_What is expected_: Retype the entries. Match them exactly.

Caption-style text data
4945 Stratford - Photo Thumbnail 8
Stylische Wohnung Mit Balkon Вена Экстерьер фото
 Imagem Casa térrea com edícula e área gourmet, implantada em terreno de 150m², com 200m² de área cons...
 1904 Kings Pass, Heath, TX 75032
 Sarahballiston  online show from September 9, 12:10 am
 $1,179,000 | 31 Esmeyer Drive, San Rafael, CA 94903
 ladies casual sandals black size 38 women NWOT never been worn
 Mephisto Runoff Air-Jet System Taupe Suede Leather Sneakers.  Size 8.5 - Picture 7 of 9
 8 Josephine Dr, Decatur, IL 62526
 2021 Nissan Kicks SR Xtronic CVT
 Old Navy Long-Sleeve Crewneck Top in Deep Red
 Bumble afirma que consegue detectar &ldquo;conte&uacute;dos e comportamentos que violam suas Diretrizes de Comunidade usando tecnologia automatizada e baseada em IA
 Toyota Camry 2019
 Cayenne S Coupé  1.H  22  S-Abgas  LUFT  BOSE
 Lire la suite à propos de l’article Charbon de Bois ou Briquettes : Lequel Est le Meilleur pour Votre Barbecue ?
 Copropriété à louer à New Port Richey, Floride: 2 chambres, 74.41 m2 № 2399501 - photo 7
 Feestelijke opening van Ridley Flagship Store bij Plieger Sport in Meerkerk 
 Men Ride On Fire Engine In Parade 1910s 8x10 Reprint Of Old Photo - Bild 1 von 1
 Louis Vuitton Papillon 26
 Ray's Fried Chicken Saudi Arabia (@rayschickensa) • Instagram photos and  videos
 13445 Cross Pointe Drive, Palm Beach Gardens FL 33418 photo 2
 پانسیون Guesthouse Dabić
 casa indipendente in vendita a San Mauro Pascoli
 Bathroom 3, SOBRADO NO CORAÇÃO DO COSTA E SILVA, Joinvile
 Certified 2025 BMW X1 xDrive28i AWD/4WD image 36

_Problem solution_:
4945 Stratford - Photo Thumbnail 8
Stylische Wohnung Mit Balkon Вена Экстерьер фото
 Imagem Casa térrea com edícula e área gourmet, implantada em terreno de 150m², com 200m² de área cons...
 1904 Kings Pass, Heath, TX 75032
 Sarahballiston  online show from September 9, 12:10 am
 $1,179,000 | 31 Esmeyer Drive, San Rafael, CA 94903
 ladies casual sandals black size 38 women NWOT never been worn
 Mephisto Runoff Air-Jet System Taupe Suede Leather Sneakers.  Size 8.5 - Picture 7 of 9
 8 Josephine Dr, Decatur, IL 62526
 2021 Nissan Kicks SR Xtronic CVT
 Old Navy Long-Sleeve Crewneck Top in Deep Red
 Bumble afirma que consegue detectar &ldquo;conte&uacute;dos e comportamentos que violam suas Diretrizes de Comunidade usando tecnologia automatizada e baseada em IA
 Toyota Camry 2019
 Cayenne S Coupé  1.H  22  S-Abgas  LUFT  BOSE
 Lire la suite à propos de l’article Charbon de Bois ou Briquettes : Lequel Est le Meilleur pour Votre Barbecue ?
 Copropriété à louer à New Port Richey, Floride: 2 chambres, 74.41 m2 № 2399501 - photo 7
 Feestelijke opening van Ridley Flagship Store bij Plieger Sport in Meerkerk 
 Men Ride On Fire Engine In Parade 1910s 8x10 Reprint Of Old Photo - Bild 1 von 1
 Louis Vuitton Papillon 26
 Ray's Fried Chicken Saudi Arabia (@rayschickensa) • Instagram photos and  videos
 13445 Cross Pointe Drive, Palm Beach Gardens FL 33418 photo 2
 پانسیون Guesthouse Dabić
 casa indipendente in vendita a San Mauro Pascoli
 Bathroom 3, SOBRADO NO CORAÇÃO DO COSTA E SILVA, Joinvile
 Certified 2025 BMW X1 xDrive28i AWD/4WD image 36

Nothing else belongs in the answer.